1998 Review: New Coach, New Offensive System, New Draft Strategy
By 1998, Jerry Jones realized that the team was not simply a piece or two away from being a title contender. In January, Jones fired Barry Switzer as head coach, and the search was on for a replacement. Names being tossed around were plentiful—George Seifert, Lou Holtz, Norv Turner, Dave Wannstedt, Jon Gruden (then offensive coordinator with Philadelphia), college Rick Neuheisel (then Colorado’s head coach), Gerry DiNardo (then LSU’s head coach), and Terry Donahue (former UCLA head coach).
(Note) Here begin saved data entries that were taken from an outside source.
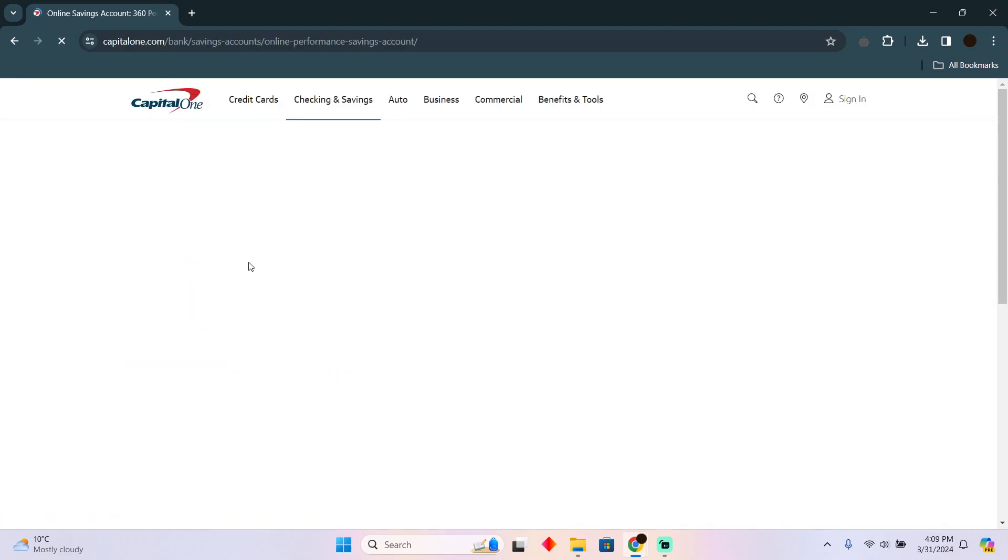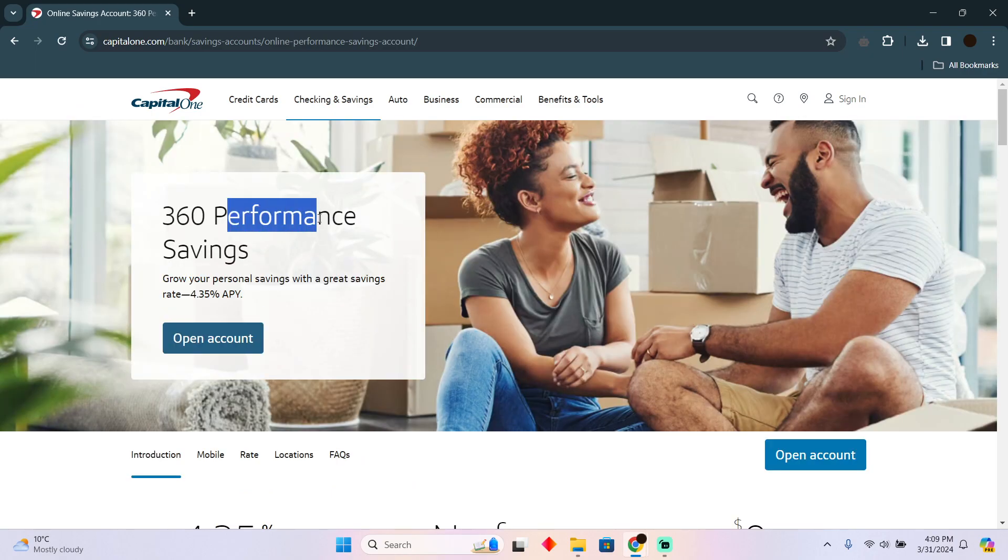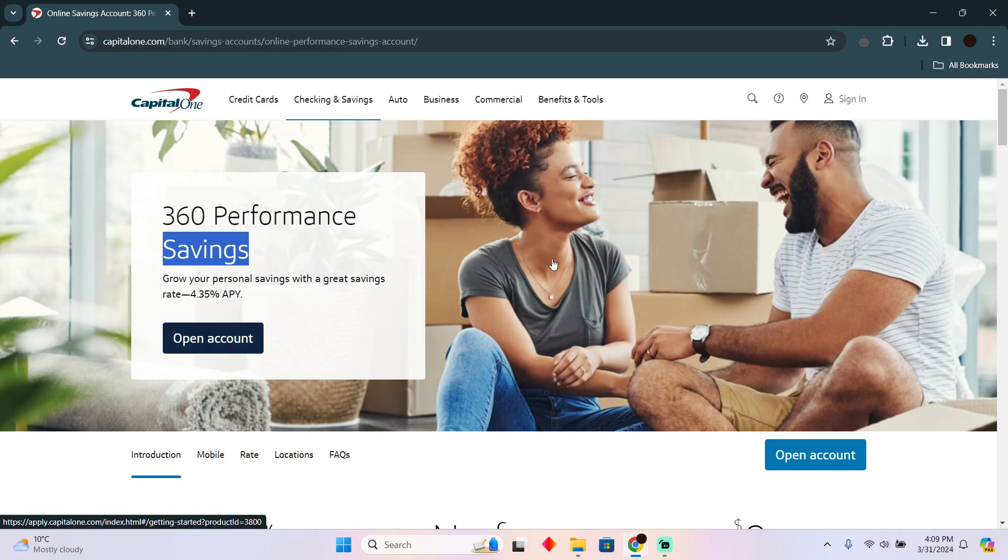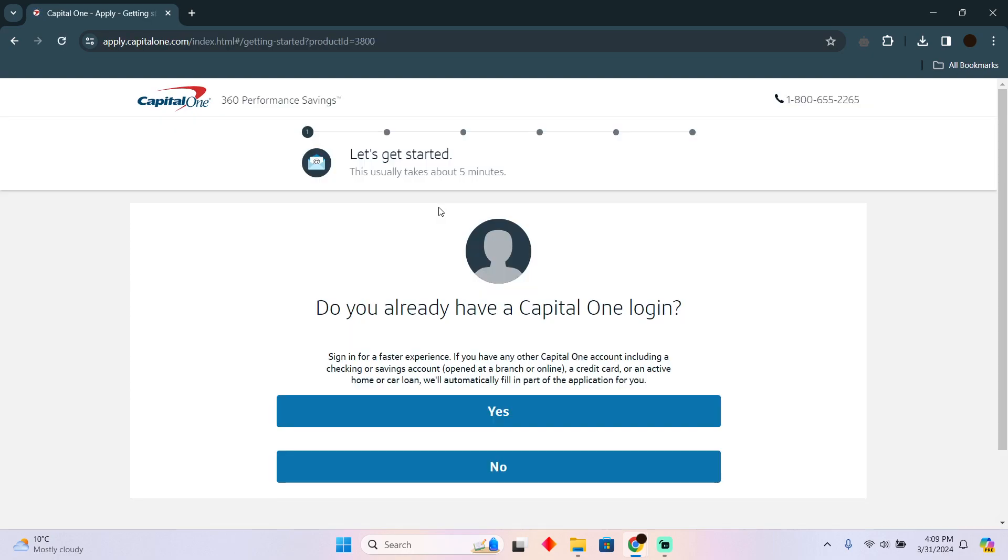After going to this website as you guys can see you can open a 360 performance saving account. You just have to click on this open account to start the process. Here you have to fill out the information to create a Capital One 360 saving account.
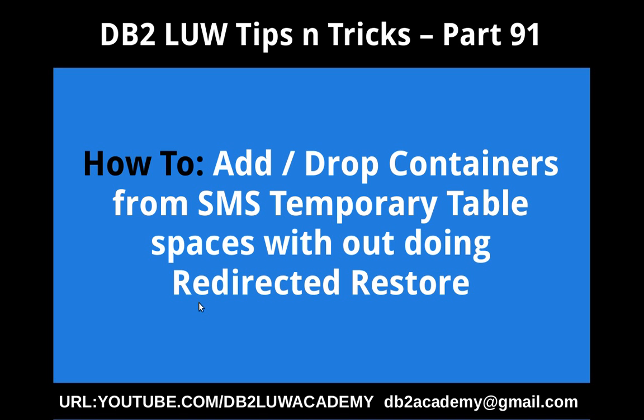Hi, this is Harish here. Welcome to DB2 LAW Tips and Tricks Video Tutorial Part 91.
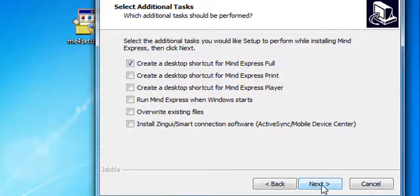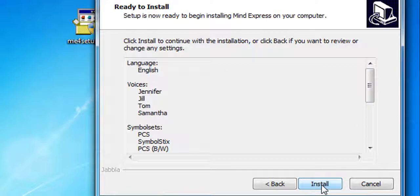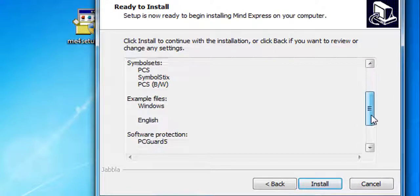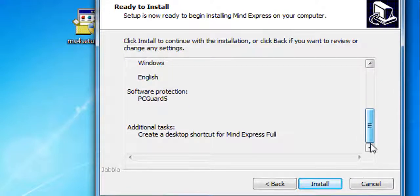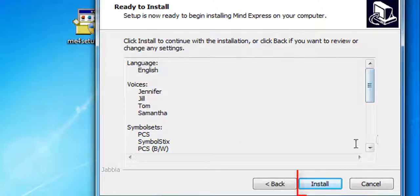At this point, review your settings and then click Install to proceed with the installation.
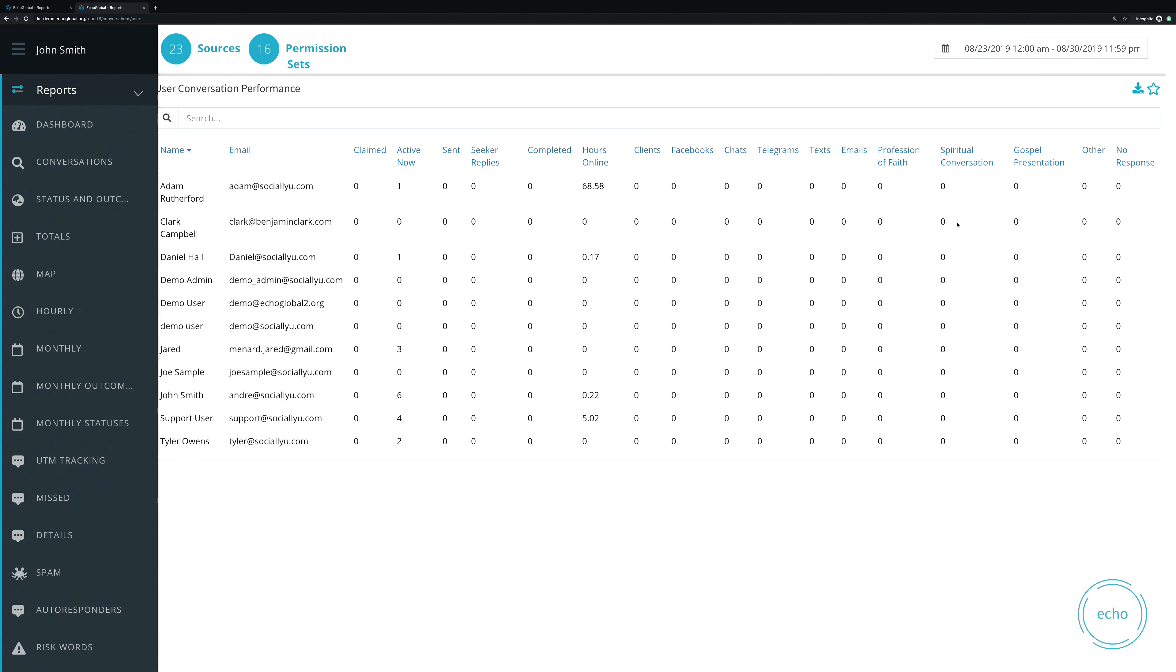So now in one comprehensive report, you can see how many claimed, how many they're inactive right now, how many they sent and received, how long they were online, how many people they talked to, which different conversation types they used, and what their different outcomes were.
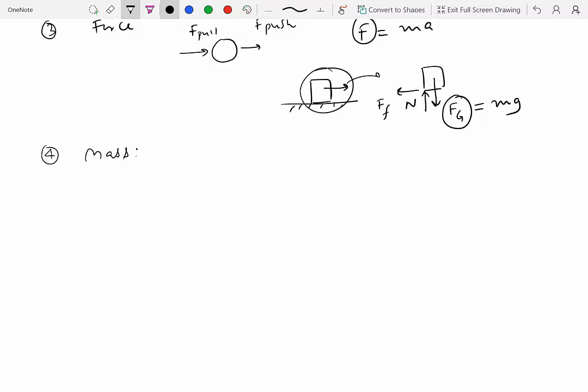The third concept we want to talk about is mass. Mass is basically a measure of the total amount of matter in an object. Mass is considered to be almost an axiomatic property, which means you cannot define it using something more elementary.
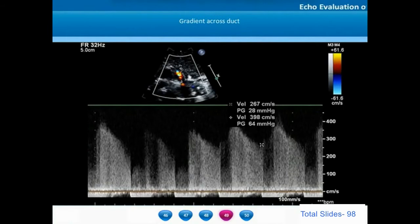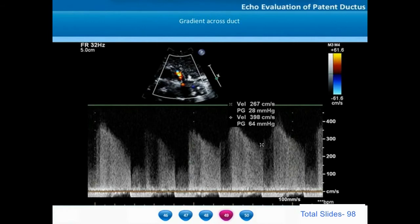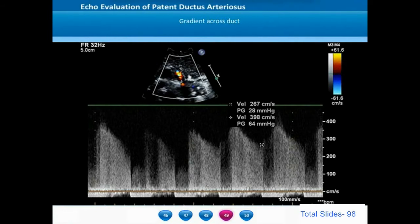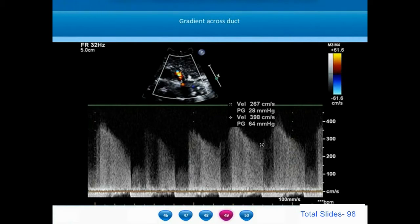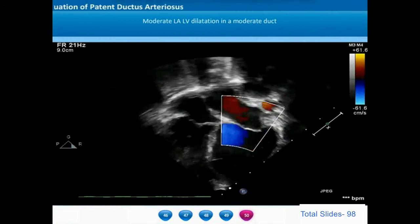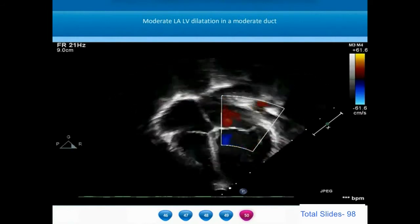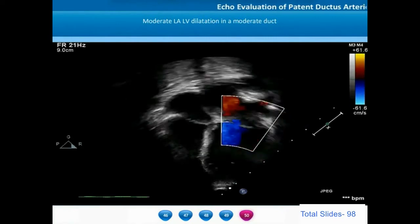When we take a Doppler gradient from the aorta to pulmonary artery with continuous-wave Doppler, the diastolic gradients are around 28 mmHg — an indicator of mild to moderate pulmonary arterial hypertension. If the aortic diastolic pressure is around 70 to 80 mmHg, the pulmonary artery diastolic pressure predicted by this gradient is in the range of 45 to 50 mmHg, indicating moderate pulmonary arterial hypertension. On the apical four-chamber view, there is more dilatation of the left atrium and left ventricle — the quantum of left-right shunt dictates the extent of LA and LV dilatation.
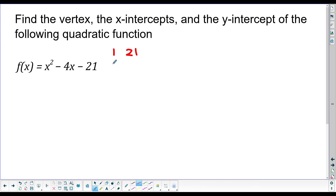Here's another example where they're asking for the vertex, x-intercept, and y-intercept of the equation x squared minus 4x minus 21. The first thing I'll do is check if this can be factored. I'm looking for factors of negative 21 that add up to negative four. One has to be positive and one negative — seven and three work: negative seven and positive three multiply to give negative 21 and add up to give negative four. So this can be factored.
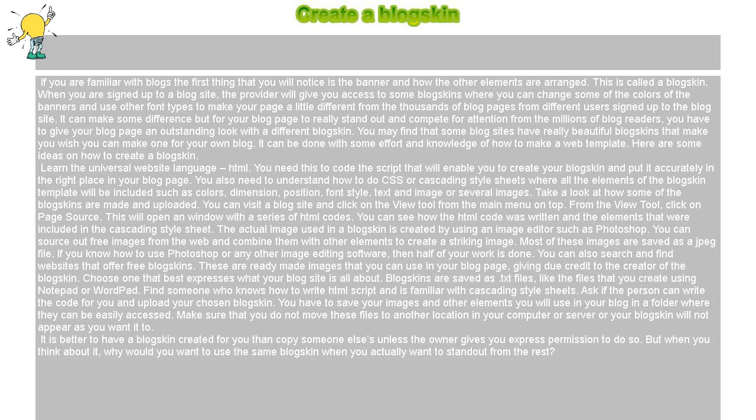It can be done with some effort and knowledge of how to make a web template. Here are some ideas on how to create a blog skin. Learn the universal website language: HTML.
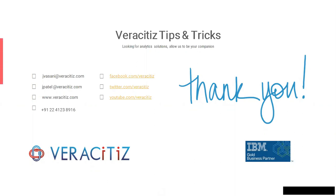Thank you for watching the video. For any further details kindly contact our website, that is www.veracities.com.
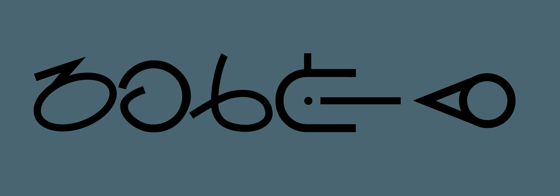Alphabet: BSL Fingerspelling uses a one-handed manual alphabet similar to that used by the French Sign Language family. There are 44 distinct handshapes used in the language.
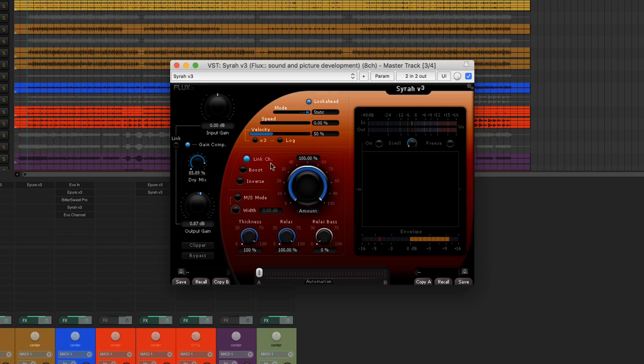We rediscover the glue effect brought by the compressor without having to sacrifice the dynamics and groove of the track. I should highlight here that the channel link is activated, so the treatment of the left and right channels is identical, conserving the stereo image of our mix.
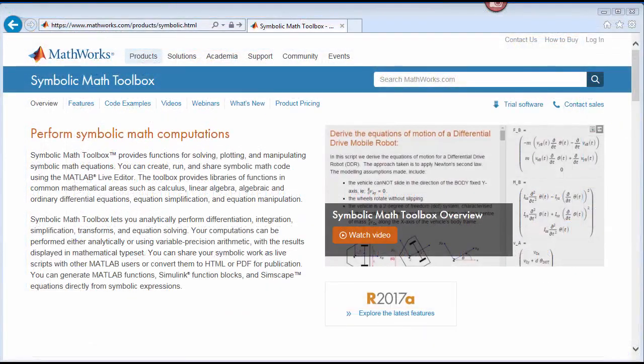For more information, return to the Symbolic Math Toolbox page or choose a link below. Thank you.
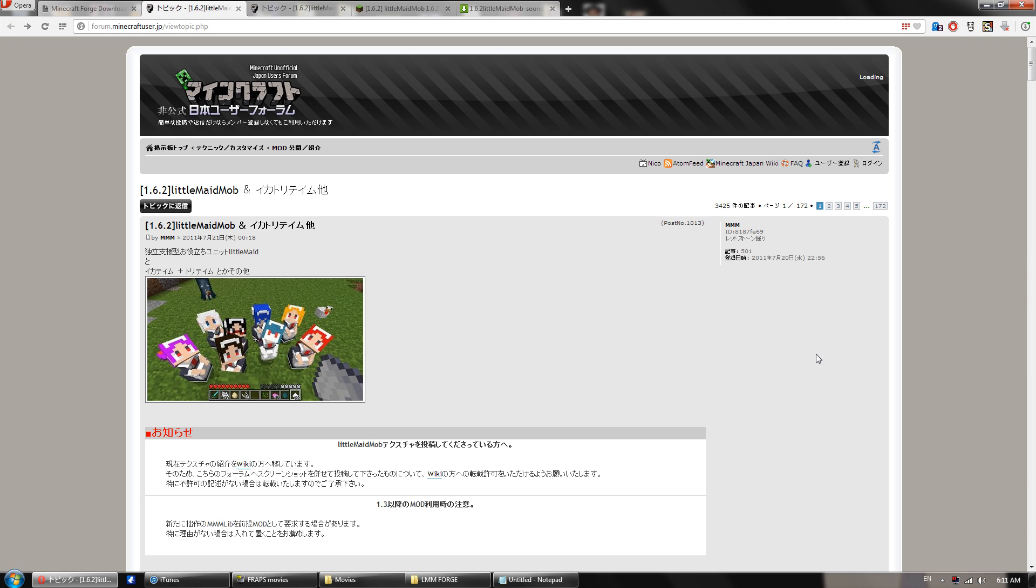Hey guys, today I'm going to be doing an updated tutorial on how to install the Little Maid Mob mod for Minecraft versions 1.6 onwards as well as version 1.5.2 using the new 1.6 launcher.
Dallas assistants Joe Avezzano and Dave Campo were also in the mix. More names emerged during the month of January, including Denver offensive coordinator Gary Kubiak and Minnesota offensive coordinator Brian Billick.
In the end, Jones decided to go in a completely different direction by hiring a no-name in Pittsburgh offensive coordinator Chan Gailey. The Steelers had just come off an 11-5 season and an appearance in the AFC Championship Game, and Gailey’s innovative offensive system relied on versatile Kordell Stewart along with a bus of a running back in Jerome Bettis.
Colleagues praised Gailey, and many fans were willing to give the man a shot. At the same time, though, plenty of questions arose about how his system would work when the QB was a not-very-mobile Troy Aikman and the running back was Emmitt Smith, who appeared to be declining rapidly. Gailey’s offensive was quite different than the timing-based passing system the Cowboys had used since the early 1990s, so everyone would have some learning to do.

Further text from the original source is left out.